We have improved our custom metrics offering with two recent Python releases. In release 1.1.1 of our Python package, we added the add_distribution_value helper, and in version 1.2.0, we added support for minutely probes, so you can measure the distribution of key data points in your Python application.

In this blog post, we'll show you how to set up custom metrics in your Python application to gain valuable insights without sifting through logs or querying databases.

What Are Custom Metrics?

You can use custom metrics to track any data point alongside your core metric data. Custom metrics give you additional context into how your application performs: for example, an active user count or the processing time of critical tasks.

AppSignal treats custom metrics like any other metric data point; you can create dashboards to visually track them. You can also set up alerts for when custom metrics meet a specific threshold (for example, if a task has been running slowly for over 15 minutes).

Magic Dashboard hover-over, with links to Time Detective

Custom Metric Types in AppSignal for Python

While our latest change allows you to measure distributions with Python, AppSignal also has Python helper functions for measuring custom metrics as gauges and counters:

Measure Function Description
Gauge set_gauge A number that represents a particular value at a specific point in time that can frequently be overwritten, such as the count of an application's active users.
Counter increment_counter A number you can increment by any given value, such as the count of times a process has run.
Distribution add_distribution_value A collection of numbers from which we store an average, count, or percentile. You can use this to track a spread of values in a dataset - for example, the average user cart value of an e-commerce application, or the percentage of tasks completed within a desired time.

Using Custom Metrics for Deeper Context

You can leverage custom metrics to measure virtually any data point within your application. This is especially handy if your application has high-volume mission-critical flows.

As an example, consider the process of making a purchase. An issue with a third-party payment provider might prevent users from completing their purchase but wouldn't trigger an exception within your application, as it lies outside of your stack.

However, with custom metrics, you can utilize measurable key performance points to help you proactively monitor your application for exceptions beyond the boundaries of its codebase (by monitoring your order count, for example).

Custom metrics can help you quickly investigate and resolve an issue before it hurts your bottom line - e.g., if your app often processes dozens of orders per hour, but that count suddenly drops to zero:

Graph showing an in-app purchases dip

Custom Metrics In Practice

For this article, let's imagine we've got a successful Django webshop that we're already monitoring with AppSignal.
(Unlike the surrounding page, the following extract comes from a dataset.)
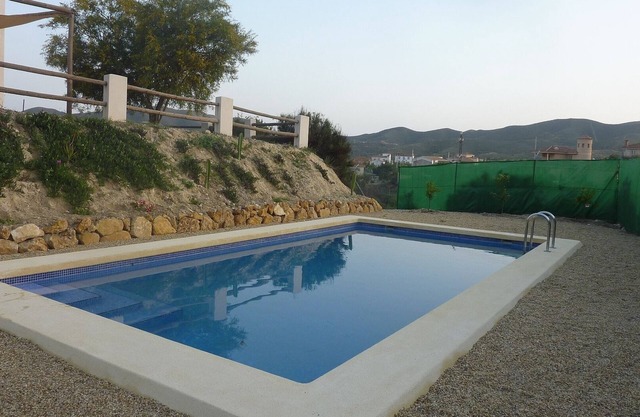 Quiet Country Cottage, Close to the sea, totally private pool and house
To broaden our understanding of our application's behavior, we're going to use custom metrics.

Gauge

While AppSignal makes it easy for us to know when and where our application is less performant, we can use the set_gauge function to track active_shoppers and help us understand how scale impacts our performance.

To do this, we'll create a minutely probe task to report the count of carts that were updated within the last minute:

# import helper probe and set_gauge functions
from appsignal import probes, set_gauge

def set_active_carts_gauge():
    one_minute_ago = django.utils.timezone.now() + datetime.timedelta(minutes=-1)
    active_carts_count = Cart.objects.filter(updated_at__gte=one_minute_ago).count()
    set_gauge("active_shoppers", active_carts_count)

probes.register("active_shoppers", set_active_carts_gauge)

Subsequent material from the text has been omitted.